Do you think anyone ever asked Bob Seger whether the night moves he was working on were for deployment during the day or the night?
Or do you think anyone ever asks Usain Bolt how long the 100-meter dash is?
Probably not, right? Bob Seger’s night moves were for the night. And I wish I’d come up with that 100-meter dash question first, because it’s more applicable to what I’m getting at here.
This is the longest way I could come up with to say this: When someone says they’re running a marathon, they mean a run of 26.2 miles.
Or, maybe it’s the longest way I could say this: Why, when I say I’m running a marathon, do people ask how long it is?
A marathon is a specific distance. 26.2 miles. There’s no such thing as a 10-mile marathon. That’s a 10-miler. Perhaps this has been confused because someone will do a “Movie Marathon” and that doesn’t have a specific length. Maybe it’s because all these other things have co-opted the term “marathon” to just mean “really long.”
In fact, maybe I should just outline the different terminology here.
Fun Run: This can be, basically, anything. Any run of any distance. Ostensibly fun, but that’s really more up to the runner than the race holder, and it’s pretty presumptuous that EVERYONE will have fun.
5k: This is a 5 kilometer race. Which is 5,000 meters. Which is 3.1 miles. This is the favored distance of most races, probably because it’s pretty easy to find a course that fits the distance, plus someone could walk the whole thing and still finish in a reasonable time. It also seems to be somewhere in the sweet spot of human endurance where an out-of-shape dad type can run it and not die, so it’s lucky we hit on that distance.

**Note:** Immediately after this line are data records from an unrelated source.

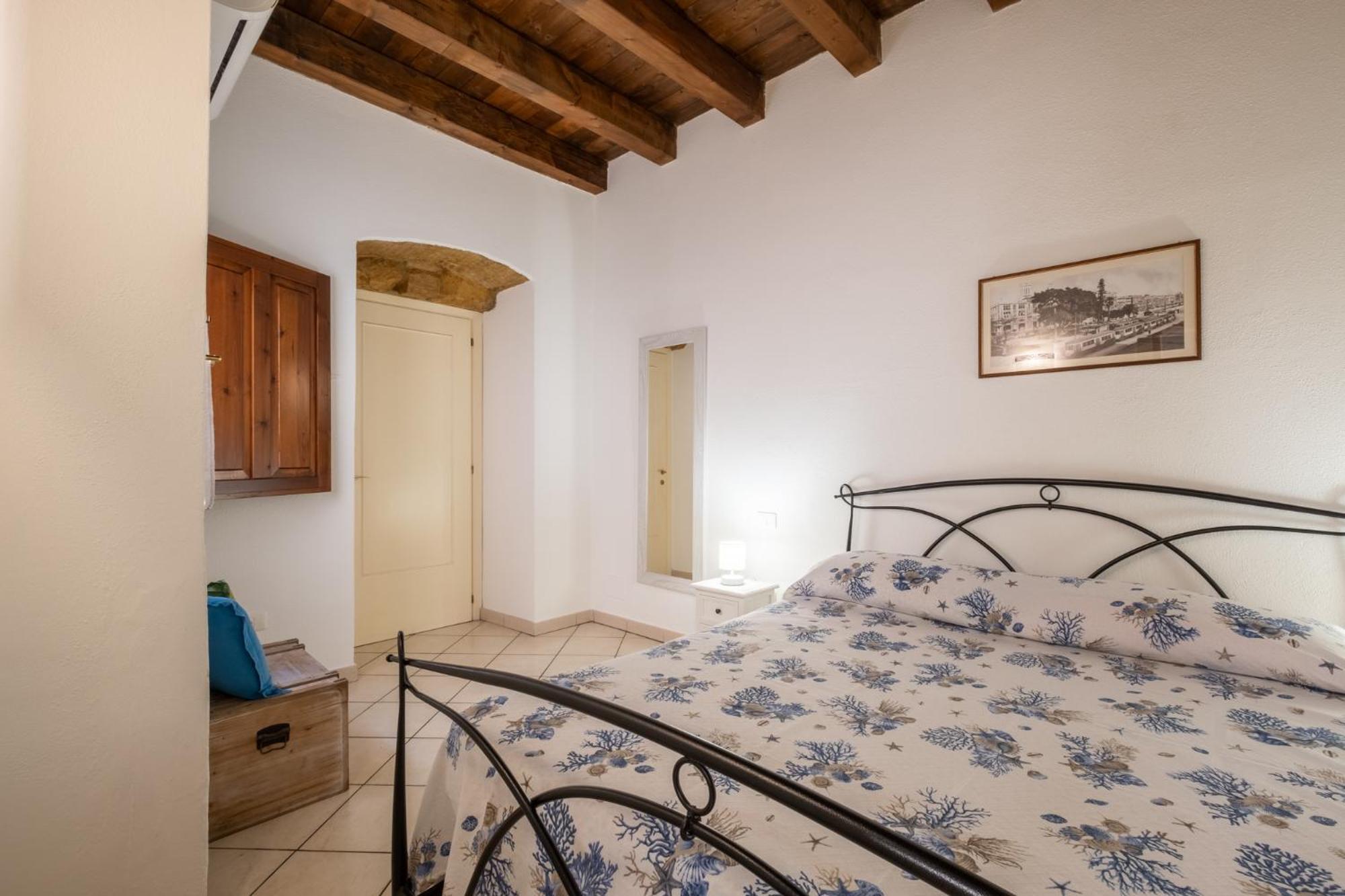 Entu E Mari - Grecu Apartment กาญารี ภายนอก รูปภาพ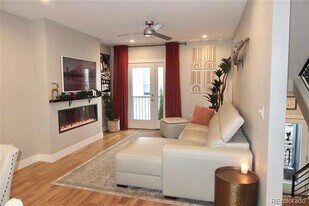 1920 Grove St in Denver, CO - Building Photo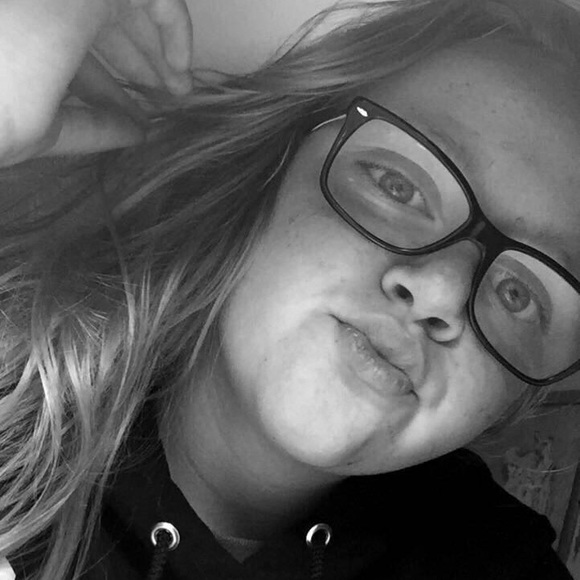 Profile Picture of Megan Helvig (@megan_marie2) on Poshmark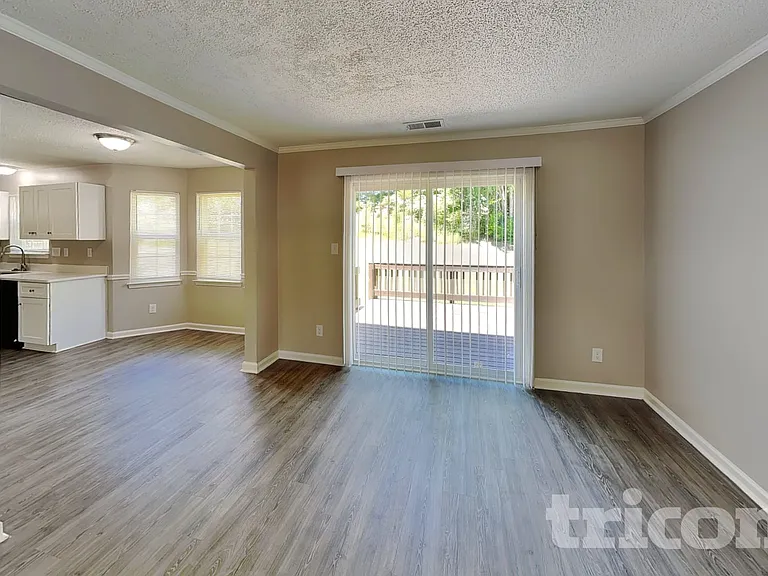 235 Chattaroy Dr — Photo 4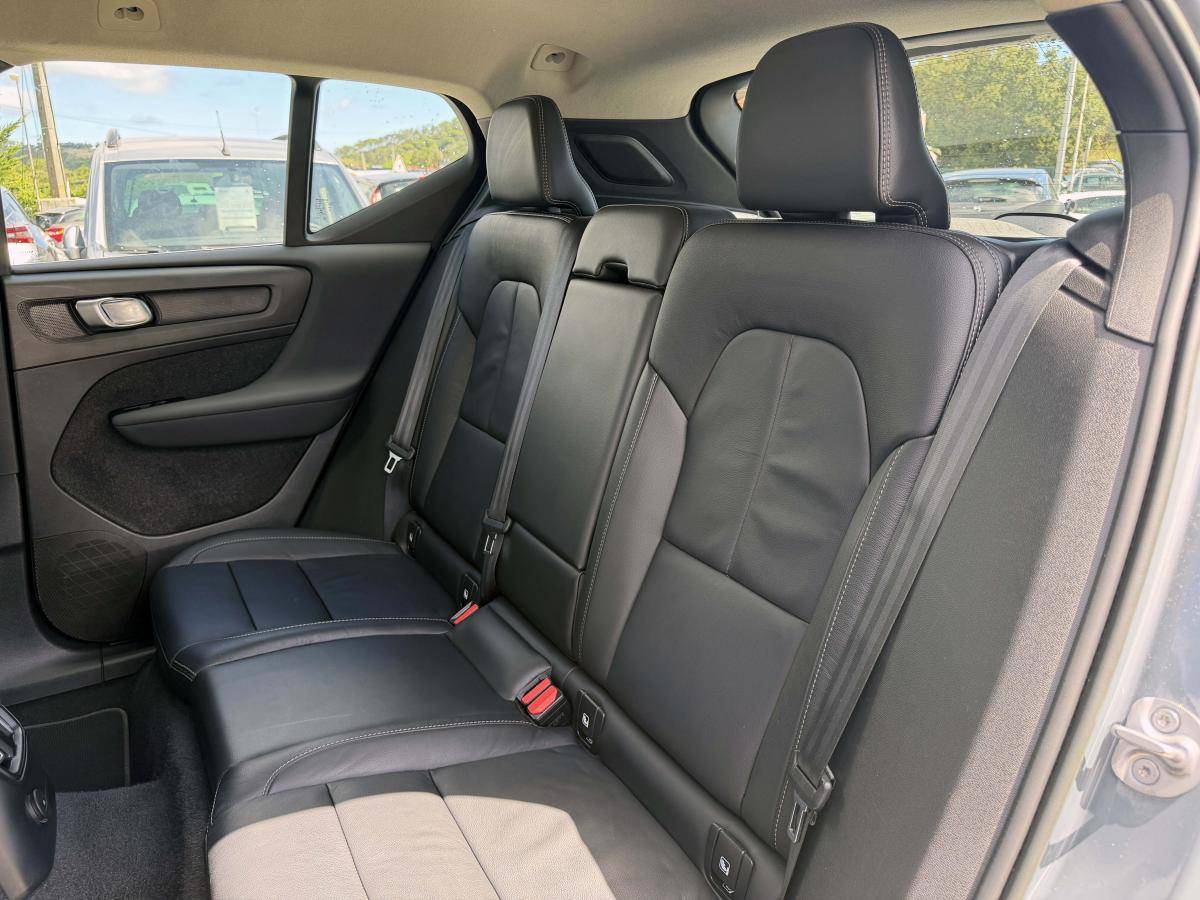 volvo-xc40-2022-hibrido-a-gasolina-1477cc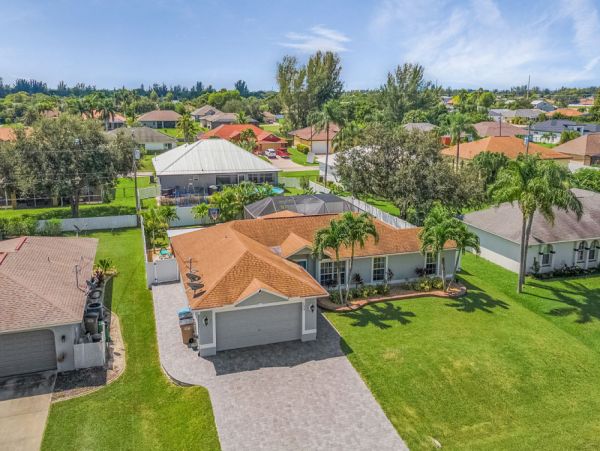 Cape Coral Home 1024151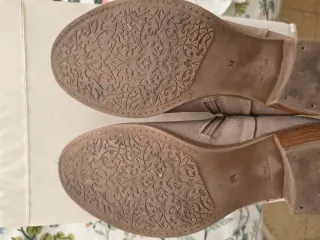 Botines de ante marrón claro como nuevos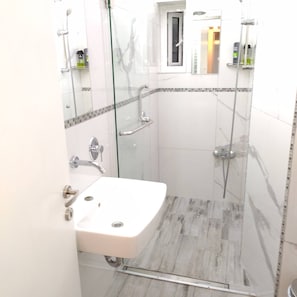 Apartamento, 3 quartos, para fumantes, sacada | Banheiro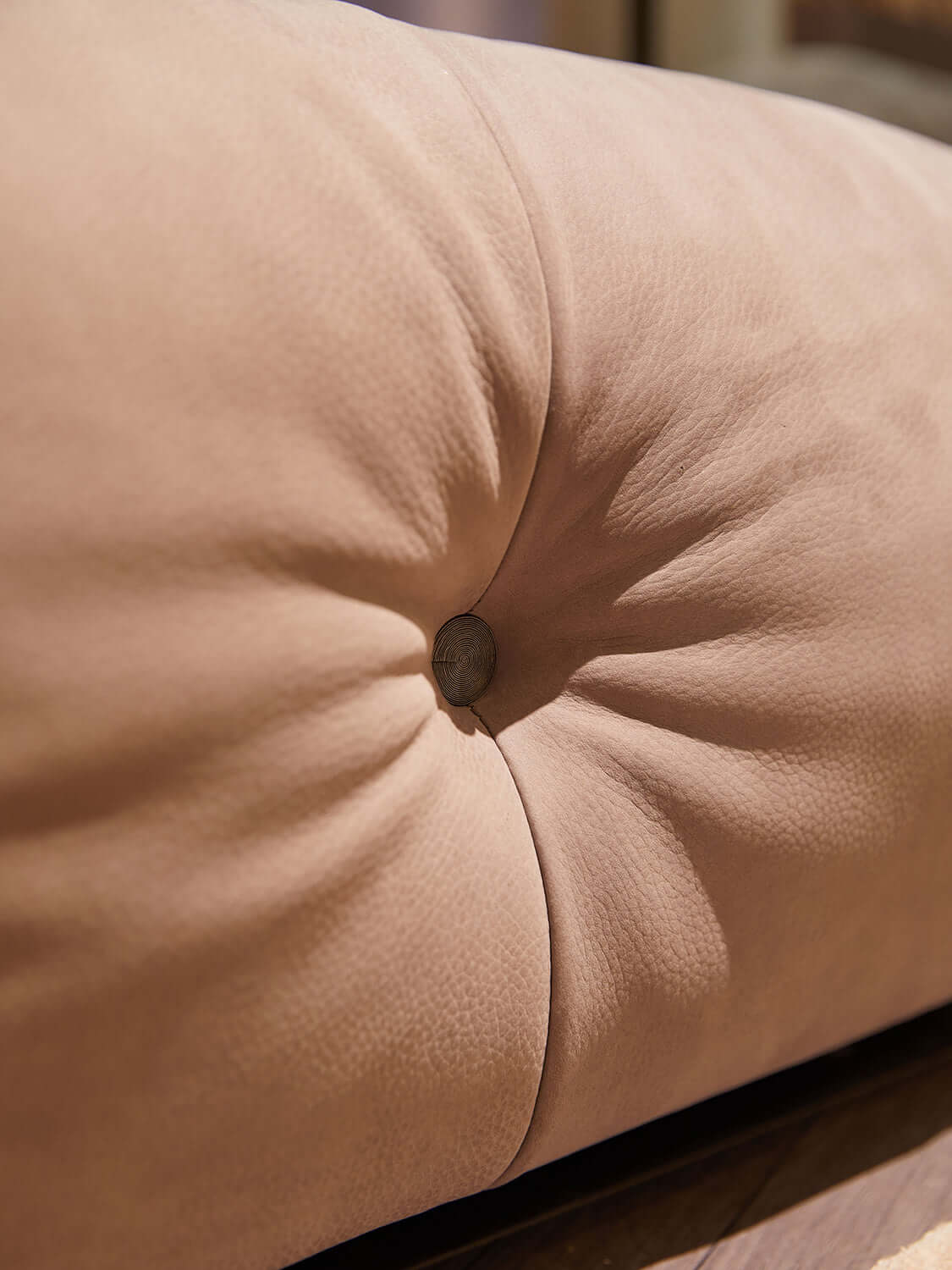 Modern modular sectional sofa featuring luxury design and customizable fabric options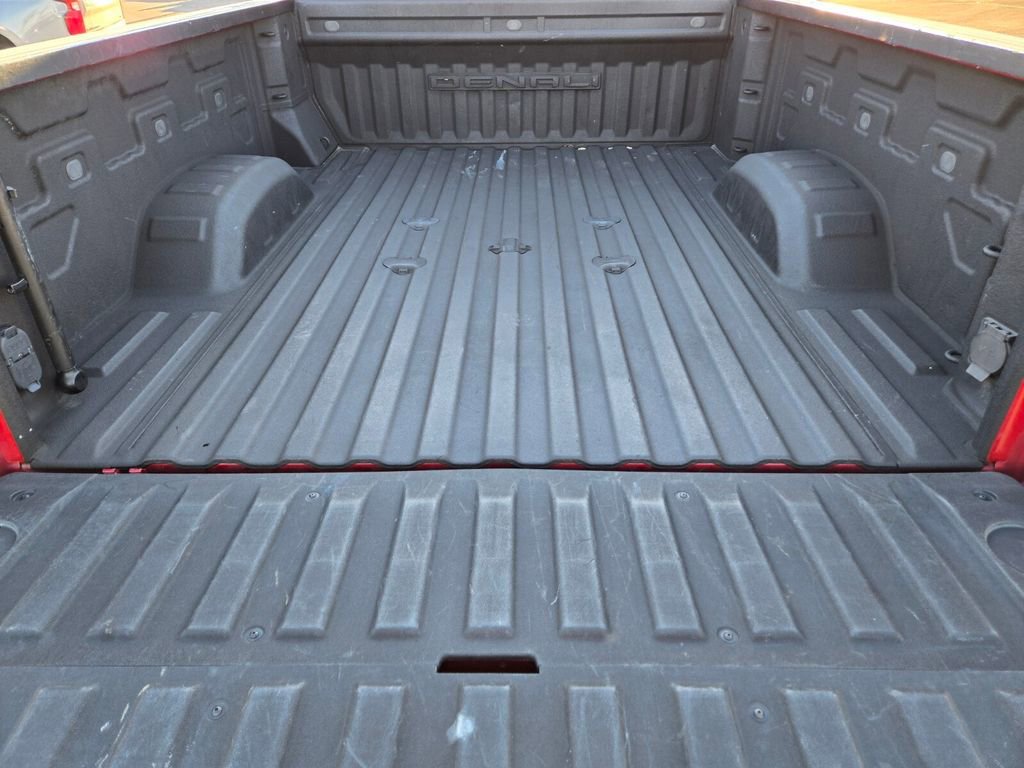 Used 2021 GMC Sierra 2500 Denali w/ Denali Ultimate Package image 12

10k: This is 10 kilometers, twice as long as a 5k. So it’s 6.2 miles. I think the 10K exists primarily because it’s an Olympic event where people who are out of their fucking minds run 25 laps around a track.
Half-Marathon: Exactly half the distance of a marathon, which is 13.1 miles. You’ve probably seen those stickers on the backs of cars, those white ovals with the numbers 13.1 in them. Now you know why. It’s not some weird Bible thing. I hate those stickers, by the way. I mean, running that far is pretty hard, but having done it a number of times and also having moved apartments three times in as many years, I can say that if there was some sticker that signaled “I moved my apartment and didn’t cry every day!” I would be more excited for THAT person. That’s harder.
Marathon: 26.2 miles.
Ultra Marathon: This is a marathon of any length that exceeds 26.2 miles. So, technically, if I took a victory lap around the portable shitter at the end of my race, I’d run an ultra. Now, some traditionalists will tell you that an ultra is 50 or 100 miles. These are also people who are likely to run the kind of races where someone has to have their shoes cut off because their feet have swollen so badly, and this is not an unusual thing. I know this is the delightfully red-colored ceramic pot calling the expensive ceramic kettle a tasteful red (I use colorful cookware now because I’m Fancy, so the pot calling the kettle black isn’t how I roll), but I’m training to run a marathon, not making myself a better person. I still reserve the right to be a hypocrite.